# Extracted data
>>

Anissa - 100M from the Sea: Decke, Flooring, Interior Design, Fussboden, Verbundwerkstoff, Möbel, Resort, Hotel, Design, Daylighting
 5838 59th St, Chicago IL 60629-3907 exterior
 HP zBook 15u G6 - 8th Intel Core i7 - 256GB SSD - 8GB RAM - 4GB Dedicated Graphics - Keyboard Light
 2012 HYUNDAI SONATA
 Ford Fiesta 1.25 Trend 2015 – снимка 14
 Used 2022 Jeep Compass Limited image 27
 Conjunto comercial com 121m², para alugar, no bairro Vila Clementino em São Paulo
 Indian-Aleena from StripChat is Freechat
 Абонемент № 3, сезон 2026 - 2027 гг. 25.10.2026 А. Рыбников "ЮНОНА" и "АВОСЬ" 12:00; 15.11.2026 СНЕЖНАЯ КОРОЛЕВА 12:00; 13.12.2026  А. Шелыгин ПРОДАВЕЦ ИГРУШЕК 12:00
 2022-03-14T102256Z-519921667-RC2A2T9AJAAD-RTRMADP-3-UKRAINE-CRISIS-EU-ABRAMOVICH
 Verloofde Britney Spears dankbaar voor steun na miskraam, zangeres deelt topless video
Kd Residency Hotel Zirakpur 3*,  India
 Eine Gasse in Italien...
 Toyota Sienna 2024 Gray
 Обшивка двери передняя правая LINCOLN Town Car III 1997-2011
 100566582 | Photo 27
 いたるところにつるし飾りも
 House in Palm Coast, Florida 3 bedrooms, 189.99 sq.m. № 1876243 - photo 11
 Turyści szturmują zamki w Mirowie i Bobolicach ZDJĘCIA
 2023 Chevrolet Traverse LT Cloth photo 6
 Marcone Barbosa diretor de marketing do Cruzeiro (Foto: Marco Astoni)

<<

# Requirement
Each line of the data above containing the string "Hotel" is to be copied.

# Exercise solution
Anissa - 100M from the Sea: Decke, Flooring, Interior Design, Fussboden, Verbundwerkstoff, Möbel, Resort, Hotel, Design, Daylighting
Kd Residency Hotel Zirakpur 3*,  India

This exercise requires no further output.